When they decided to abuse people's right to privacy & do evil things...
Yes
Unless Yahoo or MS can get their act together on search and ads Google has little to fear.
Google has been a media darling for a long time. Now that they are finally out of the whiz-bang stage, you're ready to say they're going downhill? No, they've just gotten just about all of the internet that they can, and they are now waiting (and actively pushing) for mobile internet so they can do it all over again.
I'm personally all for trying to expand the economy itself instead of making a complete monopoly (and Google can't get much stronger without becoming a monopoly).
Now we all just get to sit and wait until wireless matures and Google takes over it. I'm speculating they'll start pushing platform-neutral stuff big-time after that (which may mean overt Linux pushing). They can't compete well with MS's enterprise dominance until they've dislodged Windows, but the wireless apple is much riper at the moment.
The government can't save you.
This actually reminds me of a story of the wandering engineer. They'd work for google, then move to MS because they lack quality control. The engineer would then transfer to Yahoo because MS isn't doing anything interesting. They'd then move to Google and start the cycle anew because Yahoo wasn't on the cutting edge. Maybe the novelty of working at Google, or any other place for that matter, wears off once you've been there for quite a few months and you have the qualifications to change things up. Engineers can be a fickle lot where the interesting aspects of a project outweigh how much it pays.
...is one guy who returned to Microsoft, the price of an employee service was raised, and the stock price is lower than it was at a point in the past.
I don't think that's enough to declare that Google has lost its mojo. Think of how many times Apple was "dying" according to the press. I think this author is just bored with Google and wants to cause a stir.
"Sufferin' succotash."
He's impressed with the rock solid stability of the.......office suit software ? Enterprise level word processor and spread sheets ? Setting the bar pretty low.....
Why in blazes should people who don't have kids, or who responsibly make arrangements for them to be cared for (such as *gasp* having Mom stay home and actually raise them), have to pay in the form of a lower salary for yours?
And a reduction in this silly benefit that you shouldn't have in the first place is age discrimination against you?
Subsidized child care and similar benefits reward parents at the expense of other employees. It's hardly "age discrimination" to do less of it.
What I'm listening to now on Pandora...
That was a great write up man. BTW, you will find that this is the norm. You, as a software engineer, have to learn to manage your manager. You need to correct their expectations by giving them constant feedback. You need to say to them that you're having trouble and won't be achieving the timeline they have proscribed.. and if they casually don't proscribe a timeline, you have to make one up yourself.
Good luck in the future.
How we know is more important than what we know.
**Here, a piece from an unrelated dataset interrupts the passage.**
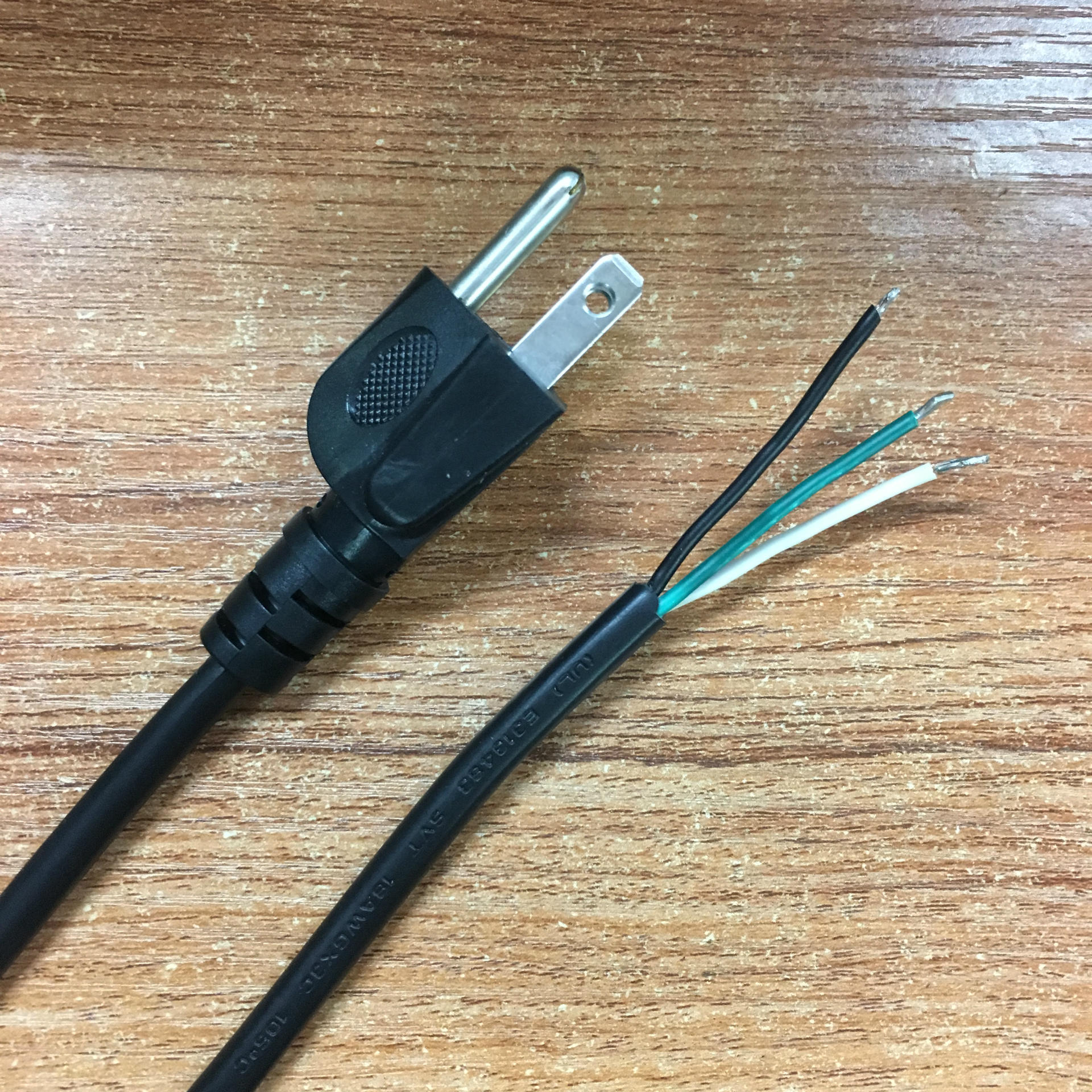 5米美标美规电源线美式3芯电源线剥皮上锡etl认证0.824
it seems like it's becoming a benefit that only older employees (ipo-millionaires) and executives (high salary, stock options) can enjoy. Sure, it's offered to everyone, but they're intentionally choosing a very expensive day-care program when a less expensive one was more than adequate. So people who would otherwise use it now go elsewhere (paying full price) while still subsidizing wealthier people who can afford it.
Do you even lift?
These aren't the 'roids you're looking for.
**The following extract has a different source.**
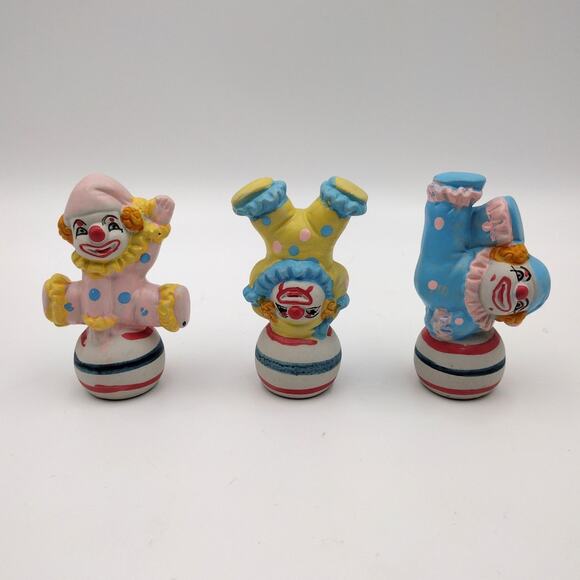Fine Ceramic Circus Clown Figurines Set of 3 3.5" Balancing Balls - Picture 2 of 7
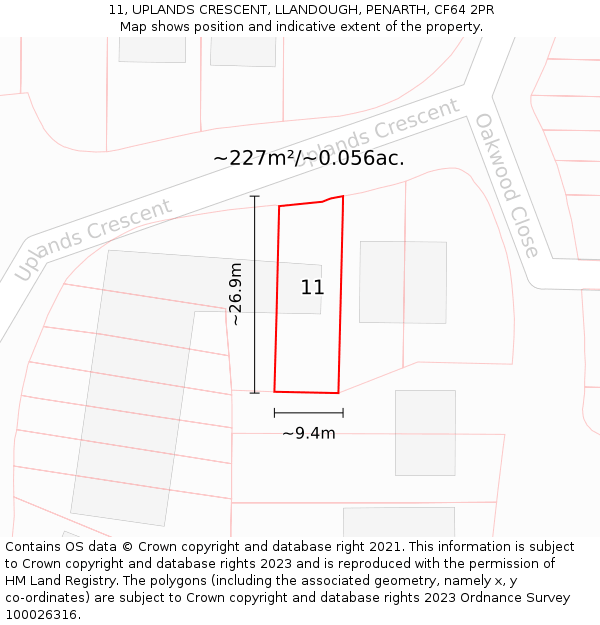 11, UPLANDS CRESCENT, LLANDOUGH, PENARTH, CF64 2PR: Plot and title map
Quoting: "Parents who had been paying $1,425 a month for infant care would see their costs rise to nearly $2,500"... WTF? How much do people in the US earn? This amount of money per month, is what is almost the total monthly salary in Europe is for many people! How could you give that for just infant care?? Renting an apartment is like 400 euros per month, much cheaper than this infant care (even the so called cheap $1425 one)! How do you pay for rent, survival costs, and saving, if you have a baby and use that infant care?
Well, the question is really one of ethics. If I get recruited with "we have the greatest child care in the world at X dollars", and a year later the X becomes X+1000, then I'd be thinking someone lied to me to the tune of $12,000 a year.
Quite obviously not many of Google's employees were using the service anyway (1% daycare spots based on the number of employees, that number should be around 10% realistically), and they still needed to heavily subsidize it. Someone can't do their math, what's bad for business in any case.
I'm aging rapidly, I bought a new game and had no idea if my machine was good for it.
"Of course Google employees version of being mistreated is often laughable, and quite a shock when they look for their massage therapist at wherever they end up next."
Surely you're not suggesting that benefits listed on Google's website is proof that their employees couldn't possibly have any legitimate complaints? After all, even if Google does pamper its employees, unless you can point to an actual example of a "laughable" claim of mistreatment all you have is a list of perks that in no way support your statement that "Google employees version of being mistreated is often laughable".
"In prison you just have to shut your eyes and take it. Here you have to shut your eyes and give it."
What about their laundry service? Why should they provide that? What about the people who have their own washers at home?
What about the car servicing thing? What about the people that don't have cars?
What about the bus service with Wifi? What about people who live close and don't need the bus?
By your logic all these are discrimination against people who don't need these services.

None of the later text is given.